▽

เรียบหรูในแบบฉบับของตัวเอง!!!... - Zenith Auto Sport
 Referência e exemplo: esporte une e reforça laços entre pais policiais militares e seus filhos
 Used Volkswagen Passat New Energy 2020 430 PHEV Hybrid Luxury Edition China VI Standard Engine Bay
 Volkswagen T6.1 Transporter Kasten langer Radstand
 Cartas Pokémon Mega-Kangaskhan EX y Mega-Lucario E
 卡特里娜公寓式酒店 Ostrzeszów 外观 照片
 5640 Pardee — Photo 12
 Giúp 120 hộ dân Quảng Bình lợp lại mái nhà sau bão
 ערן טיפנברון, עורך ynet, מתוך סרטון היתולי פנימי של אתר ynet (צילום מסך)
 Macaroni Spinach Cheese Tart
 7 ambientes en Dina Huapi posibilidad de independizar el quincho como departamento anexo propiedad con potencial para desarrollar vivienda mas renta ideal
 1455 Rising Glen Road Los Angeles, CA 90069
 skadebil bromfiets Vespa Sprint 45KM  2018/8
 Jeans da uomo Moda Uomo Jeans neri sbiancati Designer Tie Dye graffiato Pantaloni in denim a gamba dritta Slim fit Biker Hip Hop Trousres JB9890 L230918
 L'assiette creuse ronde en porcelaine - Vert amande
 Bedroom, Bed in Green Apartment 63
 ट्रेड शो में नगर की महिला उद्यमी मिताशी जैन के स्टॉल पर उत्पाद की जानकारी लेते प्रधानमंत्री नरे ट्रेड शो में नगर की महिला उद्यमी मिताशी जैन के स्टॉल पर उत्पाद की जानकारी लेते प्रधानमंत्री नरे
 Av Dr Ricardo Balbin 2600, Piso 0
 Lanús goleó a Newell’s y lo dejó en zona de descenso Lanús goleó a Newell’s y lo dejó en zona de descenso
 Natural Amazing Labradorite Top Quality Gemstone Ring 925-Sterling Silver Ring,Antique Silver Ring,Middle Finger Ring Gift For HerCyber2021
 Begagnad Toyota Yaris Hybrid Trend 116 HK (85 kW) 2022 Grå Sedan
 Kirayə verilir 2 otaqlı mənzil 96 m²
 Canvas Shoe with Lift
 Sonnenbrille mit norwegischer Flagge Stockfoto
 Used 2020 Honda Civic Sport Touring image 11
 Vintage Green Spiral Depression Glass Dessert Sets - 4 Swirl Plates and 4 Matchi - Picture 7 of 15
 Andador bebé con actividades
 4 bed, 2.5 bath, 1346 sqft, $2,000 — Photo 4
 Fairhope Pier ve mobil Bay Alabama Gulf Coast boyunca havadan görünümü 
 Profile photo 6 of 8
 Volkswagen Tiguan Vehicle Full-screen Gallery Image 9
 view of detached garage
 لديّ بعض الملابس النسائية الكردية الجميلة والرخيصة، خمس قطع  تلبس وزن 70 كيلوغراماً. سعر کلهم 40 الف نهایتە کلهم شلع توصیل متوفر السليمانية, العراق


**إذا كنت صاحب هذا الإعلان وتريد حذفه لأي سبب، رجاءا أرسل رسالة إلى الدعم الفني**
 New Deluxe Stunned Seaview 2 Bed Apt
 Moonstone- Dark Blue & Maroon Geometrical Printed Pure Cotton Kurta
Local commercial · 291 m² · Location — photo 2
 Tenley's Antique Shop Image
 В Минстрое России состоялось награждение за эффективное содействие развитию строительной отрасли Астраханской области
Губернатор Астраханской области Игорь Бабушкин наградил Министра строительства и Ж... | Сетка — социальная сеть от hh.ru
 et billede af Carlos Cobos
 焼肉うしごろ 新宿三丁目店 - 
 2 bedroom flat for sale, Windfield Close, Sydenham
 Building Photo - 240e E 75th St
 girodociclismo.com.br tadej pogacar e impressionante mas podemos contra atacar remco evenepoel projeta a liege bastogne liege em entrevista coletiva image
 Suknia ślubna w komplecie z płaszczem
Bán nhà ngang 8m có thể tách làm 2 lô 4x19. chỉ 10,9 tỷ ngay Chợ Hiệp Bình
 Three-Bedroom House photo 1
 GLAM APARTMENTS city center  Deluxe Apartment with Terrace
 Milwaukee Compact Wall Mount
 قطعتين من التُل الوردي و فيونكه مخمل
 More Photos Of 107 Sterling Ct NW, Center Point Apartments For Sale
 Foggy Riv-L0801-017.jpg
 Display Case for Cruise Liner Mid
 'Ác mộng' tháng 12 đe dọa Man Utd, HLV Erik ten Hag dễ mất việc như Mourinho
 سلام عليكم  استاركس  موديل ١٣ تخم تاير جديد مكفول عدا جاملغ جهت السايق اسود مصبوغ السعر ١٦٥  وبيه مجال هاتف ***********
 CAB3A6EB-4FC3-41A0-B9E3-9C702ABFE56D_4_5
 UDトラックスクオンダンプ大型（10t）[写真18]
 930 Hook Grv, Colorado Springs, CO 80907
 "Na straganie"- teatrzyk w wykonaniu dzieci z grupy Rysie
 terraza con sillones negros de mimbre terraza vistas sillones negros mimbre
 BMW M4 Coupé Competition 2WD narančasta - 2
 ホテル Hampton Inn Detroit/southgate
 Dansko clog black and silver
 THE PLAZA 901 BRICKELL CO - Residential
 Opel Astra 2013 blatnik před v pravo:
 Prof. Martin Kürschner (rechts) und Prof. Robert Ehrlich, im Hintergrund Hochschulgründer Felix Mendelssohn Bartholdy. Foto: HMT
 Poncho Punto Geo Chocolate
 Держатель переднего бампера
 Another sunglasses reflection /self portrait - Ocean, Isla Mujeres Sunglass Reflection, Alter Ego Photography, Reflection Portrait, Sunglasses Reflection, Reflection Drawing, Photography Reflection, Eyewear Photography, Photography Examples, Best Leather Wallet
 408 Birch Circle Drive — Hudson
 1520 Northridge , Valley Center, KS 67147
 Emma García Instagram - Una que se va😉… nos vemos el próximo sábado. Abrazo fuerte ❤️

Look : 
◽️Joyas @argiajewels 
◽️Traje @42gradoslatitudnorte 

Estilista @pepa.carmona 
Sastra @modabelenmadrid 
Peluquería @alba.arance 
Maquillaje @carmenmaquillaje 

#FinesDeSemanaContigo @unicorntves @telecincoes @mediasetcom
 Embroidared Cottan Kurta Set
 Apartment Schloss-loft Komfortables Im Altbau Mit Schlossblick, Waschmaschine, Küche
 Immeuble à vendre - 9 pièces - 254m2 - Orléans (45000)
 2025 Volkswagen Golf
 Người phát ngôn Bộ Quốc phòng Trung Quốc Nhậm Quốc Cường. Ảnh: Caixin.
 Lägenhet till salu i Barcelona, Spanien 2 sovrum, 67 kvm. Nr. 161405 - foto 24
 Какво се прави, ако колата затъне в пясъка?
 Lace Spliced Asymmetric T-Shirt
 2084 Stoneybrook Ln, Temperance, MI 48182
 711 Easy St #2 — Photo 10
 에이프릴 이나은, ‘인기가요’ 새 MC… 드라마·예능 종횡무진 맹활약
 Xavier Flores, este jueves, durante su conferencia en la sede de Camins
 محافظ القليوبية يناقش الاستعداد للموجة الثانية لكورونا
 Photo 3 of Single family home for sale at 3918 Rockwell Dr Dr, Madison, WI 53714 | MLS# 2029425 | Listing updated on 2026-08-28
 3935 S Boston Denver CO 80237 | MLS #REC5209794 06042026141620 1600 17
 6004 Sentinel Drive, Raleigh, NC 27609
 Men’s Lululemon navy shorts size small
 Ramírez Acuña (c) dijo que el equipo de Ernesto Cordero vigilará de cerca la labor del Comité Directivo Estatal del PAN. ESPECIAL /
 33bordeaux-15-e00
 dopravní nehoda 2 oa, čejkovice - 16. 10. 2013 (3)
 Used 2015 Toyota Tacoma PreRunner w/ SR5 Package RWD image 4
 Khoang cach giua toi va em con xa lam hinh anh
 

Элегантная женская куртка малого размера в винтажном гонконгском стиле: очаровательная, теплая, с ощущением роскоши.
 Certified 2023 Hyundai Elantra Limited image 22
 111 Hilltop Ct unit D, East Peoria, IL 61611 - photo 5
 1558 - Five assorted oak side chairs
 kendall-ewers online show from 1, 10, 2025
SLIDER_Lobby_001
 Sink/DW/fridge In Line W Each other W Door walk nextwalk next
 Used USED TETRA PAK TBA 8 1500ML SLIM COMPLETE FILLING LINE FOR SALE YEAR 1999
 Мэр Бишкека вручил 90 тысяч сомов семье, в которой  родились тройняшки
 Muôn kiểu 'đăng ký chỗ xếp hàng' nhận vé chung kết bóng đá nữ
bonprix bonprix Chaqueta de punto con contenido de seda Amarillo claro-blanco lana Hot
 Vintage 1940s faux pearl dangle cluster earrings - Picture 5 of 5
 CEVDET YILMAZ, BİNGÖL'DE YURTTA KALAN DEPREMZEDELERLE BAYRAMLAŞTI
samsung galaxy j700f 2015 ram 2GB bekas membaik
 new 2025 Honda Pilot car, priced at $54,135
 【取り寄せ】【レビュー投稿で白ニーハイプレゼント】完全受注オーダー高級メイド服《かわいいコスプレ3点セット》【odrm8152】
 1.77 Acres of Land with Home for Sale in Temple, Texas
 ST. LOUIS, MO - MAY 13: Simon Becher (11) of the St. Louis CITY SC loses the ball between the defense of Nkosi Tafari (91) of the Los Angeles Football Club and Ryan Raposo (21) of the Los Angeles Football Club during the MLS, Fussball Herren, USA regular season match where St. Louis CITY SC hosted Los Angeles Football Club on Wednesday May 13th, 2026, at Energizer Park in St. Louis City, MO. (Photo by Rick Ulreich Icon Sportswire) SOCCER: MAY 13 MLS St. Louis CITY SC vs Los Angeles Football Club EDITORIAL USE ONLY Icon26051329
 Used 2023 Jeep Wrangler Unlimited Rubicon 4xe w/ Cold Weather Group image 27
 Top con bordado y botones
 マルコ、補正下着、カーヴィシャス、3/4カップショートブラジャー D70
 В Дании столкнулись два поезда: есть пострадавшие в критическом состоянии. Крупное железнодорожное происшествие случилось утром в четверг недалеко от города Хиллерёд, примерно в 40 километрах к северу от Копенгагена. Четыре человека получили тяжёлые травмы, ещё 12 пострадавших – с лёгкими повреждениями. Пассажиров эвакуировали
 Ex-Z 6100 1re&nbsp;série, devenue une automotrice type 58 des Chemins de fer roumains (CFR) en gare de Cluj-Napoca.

△

Work task:
Reproduce word for word the material above, beginning with the line that contains "Sastra @modabelenmadrid" and ending with the line that contains "bonprix bonprix Chaqueta".

Task output:
Sastra @modabelenmadrid 
Peluquería @alba.arance 
Maquillaje @carmenmaquillaje 

#FinesDeSemanaContigo @unicorntves @telecincoes @mediasetcom
 Embroidared Cottan Kurta Set
 Apartment Schloss-loft Komfortables Im Altbau Mit Schlossblick, Waschmaschine, Küche
 Immeuble à vendre - 9 pièces - 254m2 - Orléans (45000)
 2025 Volkswagen Golf
 Người phát ngôn Bộ Quốc phòng Trung Quốc Nhậm Quốc Cường. Ảnh: Caixin.
 Lägenhet till salu i Barcelona, Spanien 2 sovrum, 67 kvm. Nr. 161405 - foto 24
 Какво се прави, ако колата затъне в пясъка?
 Lace Spliced Asymmetric T-Shirt
 2084 Stoneybrook Ln, Temperance, MI 48182
 711 Easy St #2 — Photo 10
 에이프릴 이나은, ‘인기가요’ 새 MC… 드라마·예능 종횡무진 맹활약
 Xavier Flores, este jueves, durante su conferencia en la sede de Camins
 محافظ القليوبية يناقش الاستعداد للموجة الثانية لكورونا
 Photo 3 of Single family home for sale at 3918 Rockwell Dr Dr, Madison, WI 53714 | MLS# 2029425 | Listing updated on 2026-08-28
 3935 S Boston Denver CO 80237 | MLS #REC5209794 06042026141620 1600 17
 6004 Sentinel Drive, Raleigh, NC 27609
 Men’s Lululemon navy shorts size small
 Ramírez Acuña (c) dijo que el equipo de Ernesto Cordero vigilará de cerca la labor del Comité Directivo Estatal del PAN. ESPECIAL /
 33bordeaux-15-e00
 dopravní nehoda 2 oa, čejkovice - 16. 10. 2013 (3)
 Used 2015 Toyota Tacoma PreRunner w/ SR5 Package RWD image 4
 Khoang cach giua toi va em con xa lam hinh anh
 

Элегантная женская куртка малого размера в винтажном гонконгском стиле: очаровательная, теплая, с ощущением роскоши.
 Certified 2023 Hyundai Elantra Limited image 22
 111 Hilltop Ct unit D, East Peoria, IL 61611 - photo 5
 1558 - Five assorted oak side chairs
 kendall-ewers online show from 1, 10, 2025
SLIDER_Lobby_001
 Sink/DW/fridge In Line W Each other W Door walk nextwalk next
 Used USED TETRA PAK TBA 8 1500ML SLIM COMPLETE FILLING LINE FOR SALE YEAR 1999
 Мэр Бишкека вручил 90 тысяч сомов семье, в которой  родились тройняшки
 Muôn kiểu 'đăng ký chỗ xếp hàng' nhận vé chung kết bóng đá nữ
bonprix bonprix Chaqueta de punto con contenido de seda Amarillo claro-blanco lana Hot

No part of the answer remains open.